From the records below, output exactly the lines starting at the line with "BCBG White Booties - Picture 4 of 4" and ending at the line with "Living In Norway", both of them included, but no pictures.

◆ **GIVEN RECORDS**

*-*-*

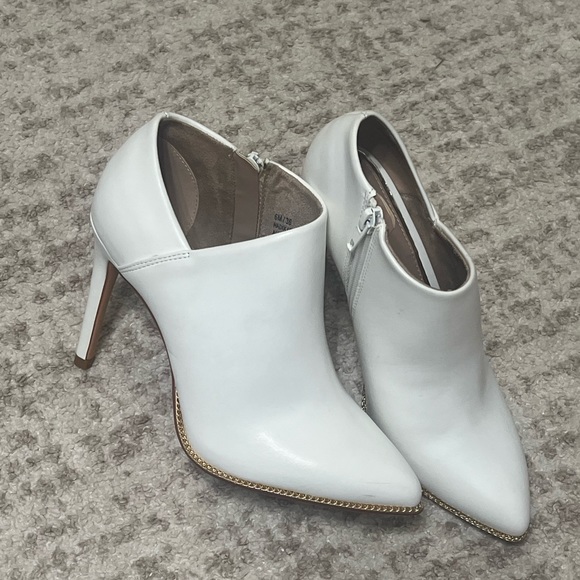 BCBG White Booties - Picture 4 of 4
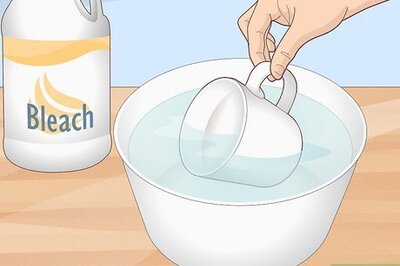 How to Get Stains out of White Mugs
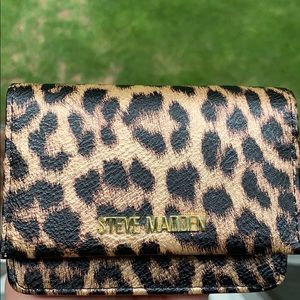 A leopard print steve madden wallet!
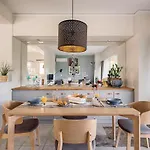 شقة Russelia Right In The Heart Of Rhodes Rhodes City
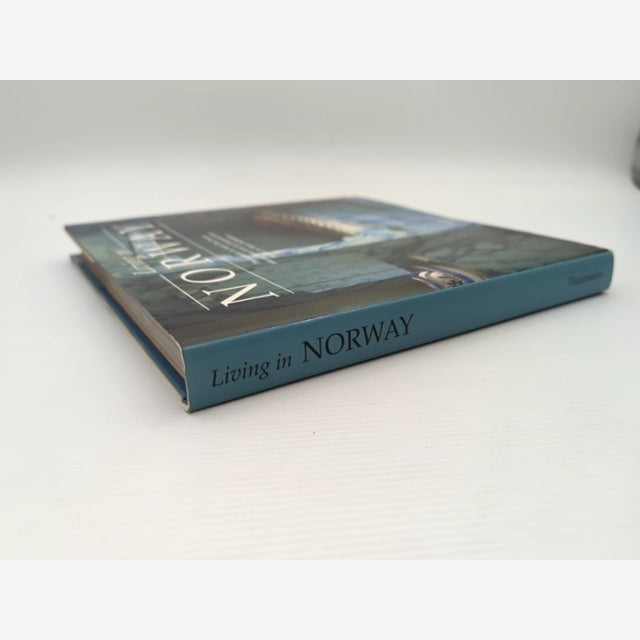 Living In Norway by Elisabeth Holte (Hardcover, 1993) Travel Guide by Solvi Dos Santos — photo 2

*-*-*

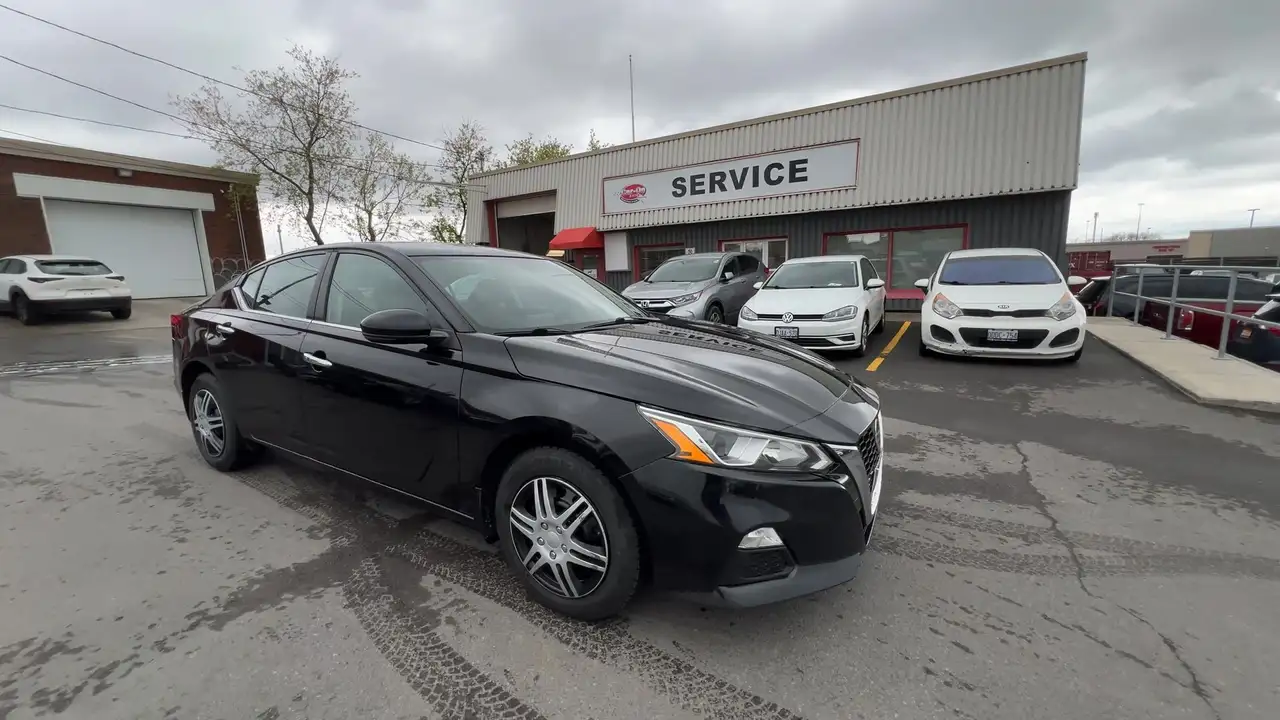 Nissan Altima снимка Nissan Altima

*-*-*

◆ **TASK RESULT**
 BCBG White Booties - Picture 4 of 4
 How to Get Stains out of White Mugs
 A leopard print steve madden wallet!
 شقة Russelia Right In The Heart Of Rhodes Rhodes City
 Living In Norway by Elisabeth Holte (Hardcover, 1993) Travel Guide by Solvi Dos Santos — photo 2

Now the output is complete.